Everyday Storytelling, Episode I

Between the spell of forgetting and the well of memories

Between the spell of forgetting and the well of memories1

On the way I met the good fairy

- What will you ask for? She asked

- To remember. I spoke. And, to forget

- What would you like to forget? Asked the fairy

- That which haunts me in my daydreaming

- And what would you like to remember?

- All the rest

- Say more about it, said the fairy (she studied group facilitation at the adult education school for fairies)

- The tremor just before the kiss. When they placed him and her on my bare bosom after birth. Walking together to the Chupa (the traditional canopy in Jewish weddings) to the sounds of music. My hand in my father's hand on a Saturday morning walk. The taste of Grandma Luba's cake.

- And what else would you like to remember? Asked the fairy, aware of the importance of repeated questioning.

- That which haunts me in my daydreaming

The fairy looked perplexed for a moment. But only for a moment. She understood.

Our stories are made of the things the mind seeks to remember and forget.

She pulled out of her magic bag a key, a blue vial, an apple, and a goldfish. Oh, and a small spoon. And disappeared, as is the way of fairies who always know exactly when to go, and do it in style.

I was left alone on the path leading up. Diligent cyclists who passed by me, panting, may have wondered if they had just seen a woman talking to herself.

I put the vial, key, apple, fish and small spoon in the bag and continued on my way. Hoping that  I would know what to do with them. Maybe the little blue bottle contains a potion of oblivion? And maybe a bite from the apple will do the magic? And what if the little spoon is really a compass that will take me straight to the well of memories, and with its help I can retrieve only the good and comforting ones?

What do I have to lose? I pulled the spoon out of the bag and let it lead me to the well. A winding staircase, without a railing, led to its depths. I and my fear of heights began to descend into the depths of the well. Clinging to the right, as in the subway stations, to allow the brave and agile from me, to accelerate on their way.

With one hand I held the wall and with the other I continued to hold the small spoon. My knees began to tremble, and the bottom of the well was not to be seen. Then the spoon began to speak. She explained to me that I choose how deep to go down.

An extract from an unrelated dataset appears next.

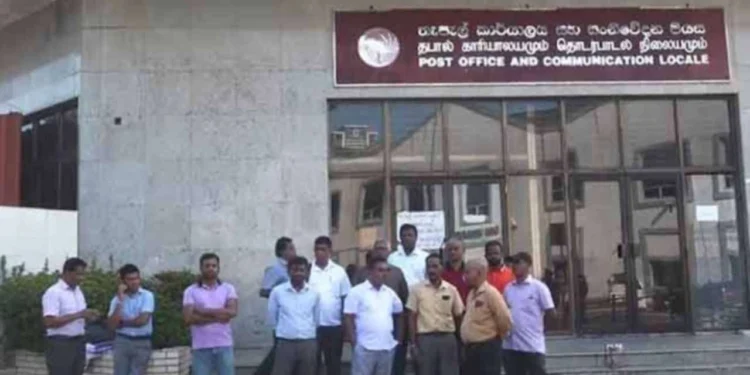 சத்தியாகிரகப் போராட்டத்தை ஆரம்பித்த தபால் ஊழியர்கள்!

And that if I was a little less terrified of the stairs, I could better see my memories, which had clung over the years to the walls of the well.

- And how do I know these are my memories, not someone else's?

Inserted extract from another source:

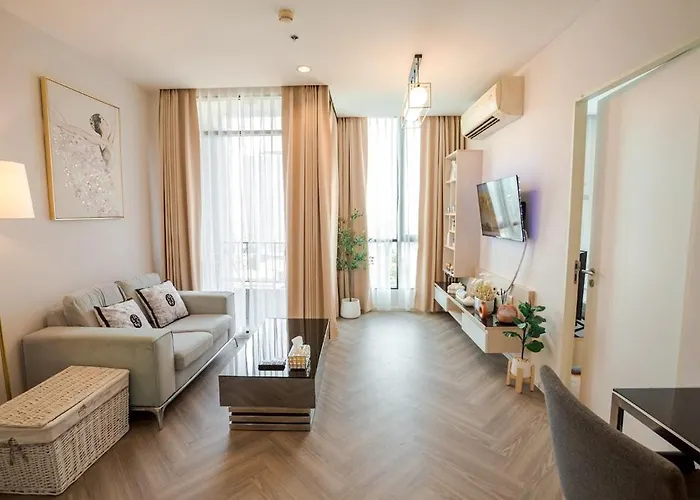 Luxury In The Heart Of Thonglor With A Rooftop Bar * Бангкок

- If they are not yours, they will not stick with me, the spoon replied and returned to her silence.

Daylight has long since disappeared. The other rememberers who were there also disappeared. There was a deep silence in the well, and a smell I could hardly describe in words was in the air. It was made up of food scents, perfume and body odors and smell of stagnant water, probably of unclaimed memories.

The darkness inside the well sharpened the rest of the senses. I heard a baby crying and the sound of my own sobbing. I heard music that made the body move naughtily. The well walls were damp and dry to the touch, probably from new and old memories. The taste of Grandma's yeast cake stood in my mouth, along with a bitter taste of heartbreak, apparently.

I did not reach the bottom of the well. I left it for next time. I returned to the path leading up, and further, to the house. There, in the small pond in the yard, I released the goldfish.

I wrote this short story with the help of story cards from a kit I purchased years ago at the Scottish Center for Storytelling, a small building located in the center of beautiful Edinburgh. It has cards of kings and queens, princes and princesses and also a dream keeper and magic mirror, healing magic, man on the moon and more. I opened it again this week, because sometimes it takes some magic, some moving away to the realms of the imagination, to gather the mind, strengthen it, and return to the path "that is still unfolding along," as the poem puts it.

If you met on the way a good fairy who can cast a spell of forgetting, what would you ask to forget? If that good fairy had given you a small spoon that leads to the well of memories, what lost memories would you ask to retrieve?